--- EXTRACTED DATA ---
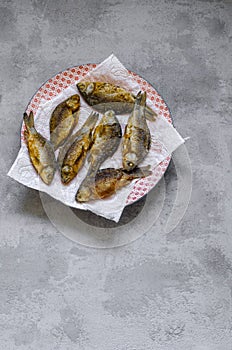 Fried fish on a plate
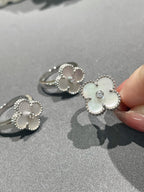 [sparkle Jewelry ]CLOVER SILVER MOP DIAMOND RING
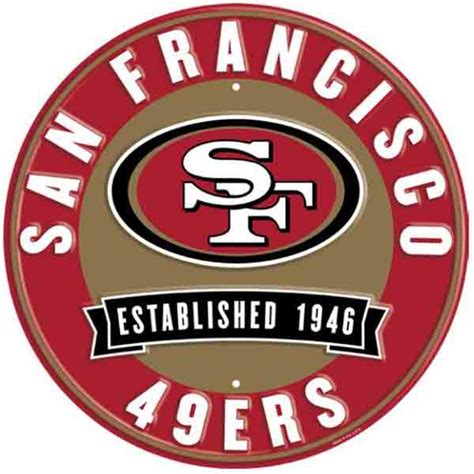 12” 49ers Round Sign, 49ers Sign | Sports Wreath Shop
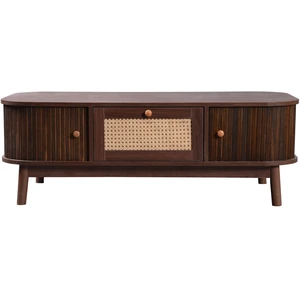 Urban Meuble Table basse effet noyer vintage et rotin 1 tiroir et 2 niches pas cher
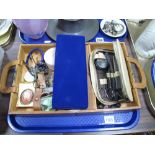 Costume Jewellery, lady's travelling case, stainless steel planished tray, hallmarked silver mounted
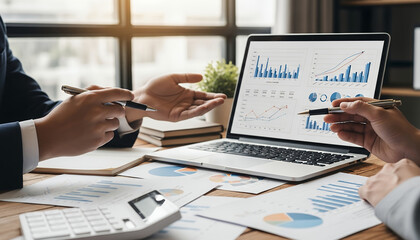 Hands pointing at bar charts on a laptop screen while discussing financial reports, supported by printed charts, pens, and a calculator on the desk.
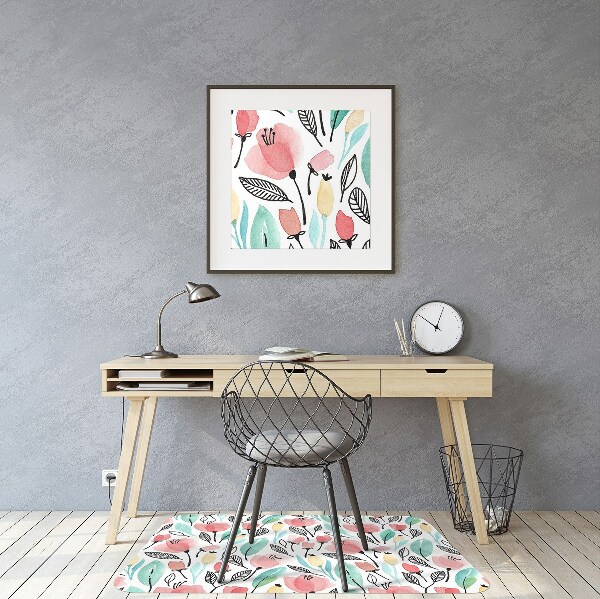 Tapis de chaise de bureau Fleurs rouges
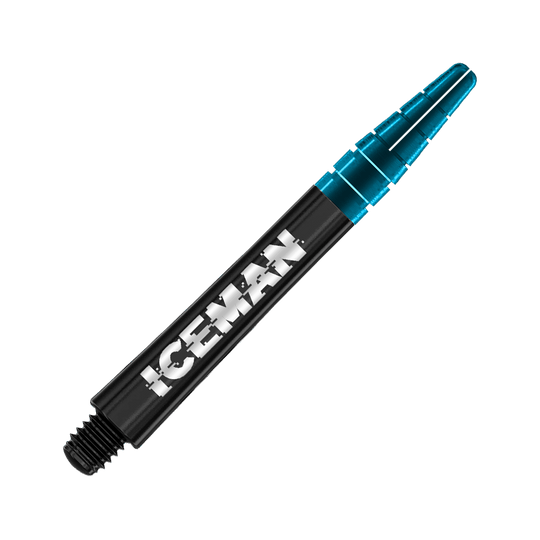 Das Bild zeigt einen schwarzen Dartshaft mit der Aufschrift „ICEMAN“. Das vordere Ende des Shafts ist transparent blau.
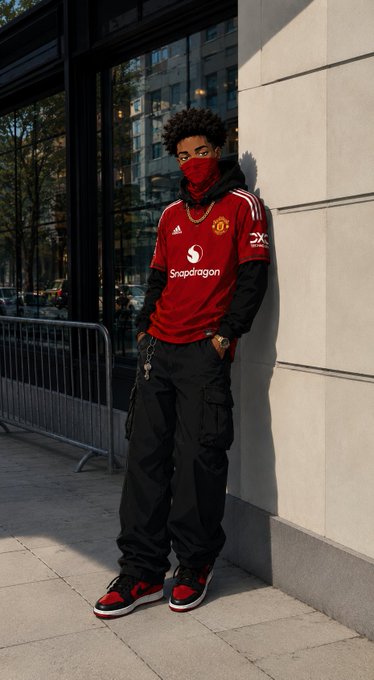 The image features a young man wearing a red soccer jersey, black pants, and red shoes standing next to a building with a white wall. The man appears to be posing for a photo while leaning against the wall. The caption of the image reads "good morning winners River isn' just about staking, satUSD, or points—it'S about being part of a broader ecosystem of builders creating real utility across Web3 Utility over hype Community over speculation Long-term growth over short-term attention." This statement seems to be related to the soccer jersey and the context of the image.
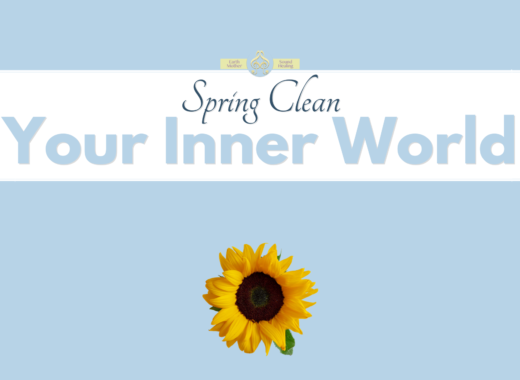 spring clean your inner world - earth mother sound healing - sunflower on pale blue background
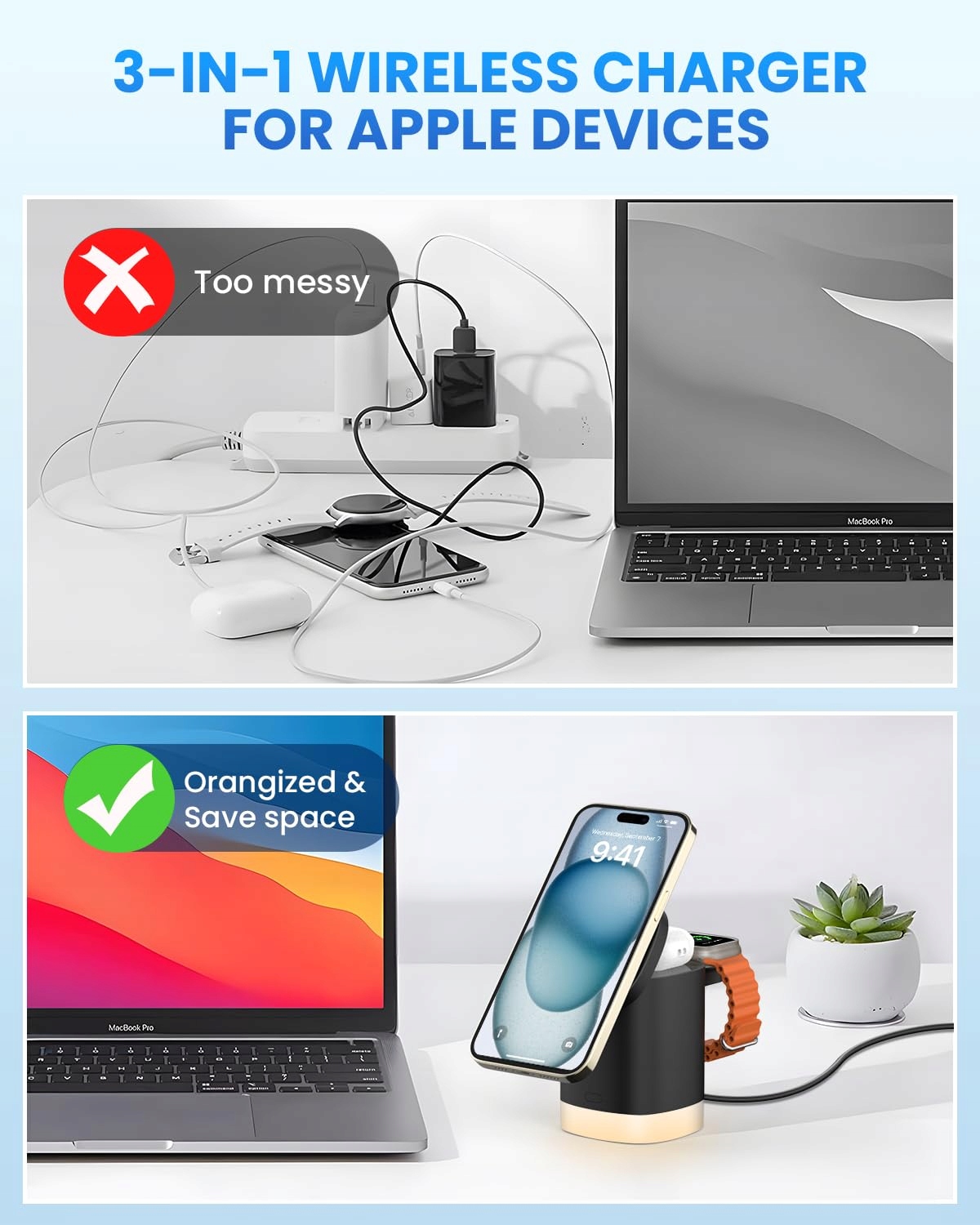 JoyGeek Składana Stacja Ładowania 3w1 do iPhone iWatch AirPods — miniatura 5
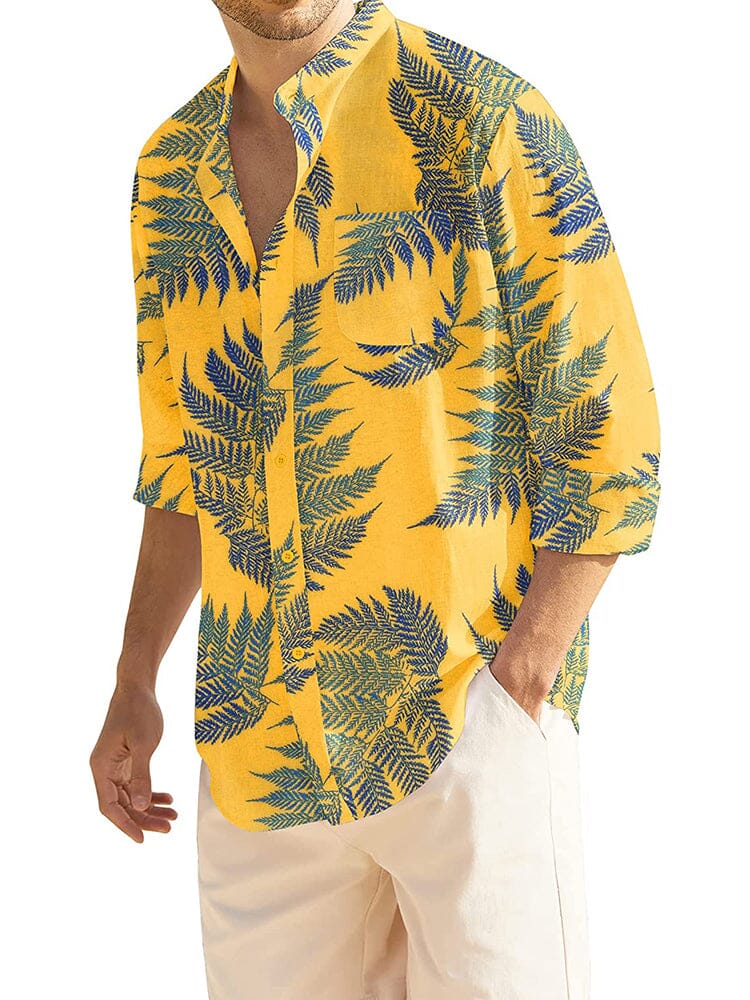 Cotton Linen Beach Button Down Shirt with Pocket (US Only)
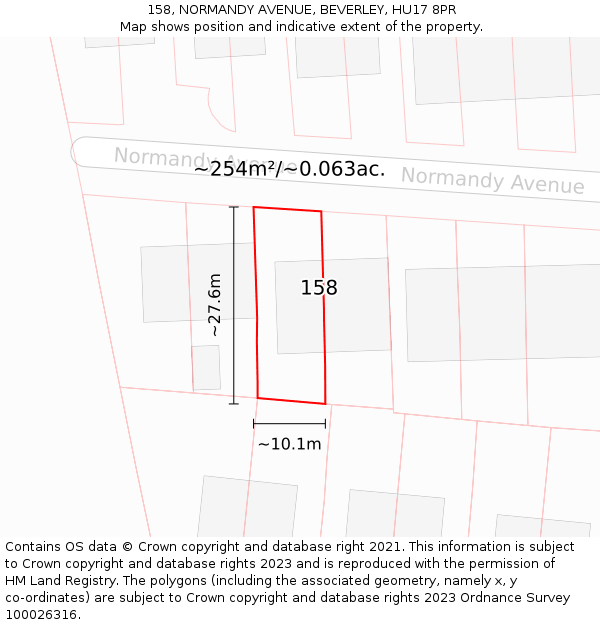 158, NORMANDY AVENUE, BEVERLEY, HU17 8PR: Plot and title map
---
## EXERCISE INSTRUCTIONS:
Would you write out exactly the lines above, starting at the line containing "Urban Meuble Table" and stopping after the line containing "The image features"? Omit the pictures.

## EXERCISE RESPONSE:
 Urban Meuble Table basse effet noyer vintage et rotin 1 tiroir et 2 niches pas cher
 Costume Jewellery, lady's travelling case, stainless steel planished tray, hallmarked silver mounted
 Hands pointing at bar charts on a laptop screen while discussing financial reports, supported by printed charts, pens, and a calculator on the desk.
 Tapis de chaise de bureau Fleurs rouges
 Das Bild zeigt einen schwarzen Dartshaft mit der Aufschrift „ICEMAN“. Das vordere Ende des Shafts ist transparent blau.
 The image features a young man wearing a red soccer jersey, black pants, and red shoes standing next to a building with a white wall. The man appears to be posing for a photo while leaning against the wall. The caption of the image reads "good morning winners River isn' just about staking, satUSD, or points—it'S about being part of a broader ecosystem of builders creating real utility across Web3 Utility over hype Community over speculation Long-term growth over short-term attention." This statement seems to be related to the soccer jersey and the context of the image.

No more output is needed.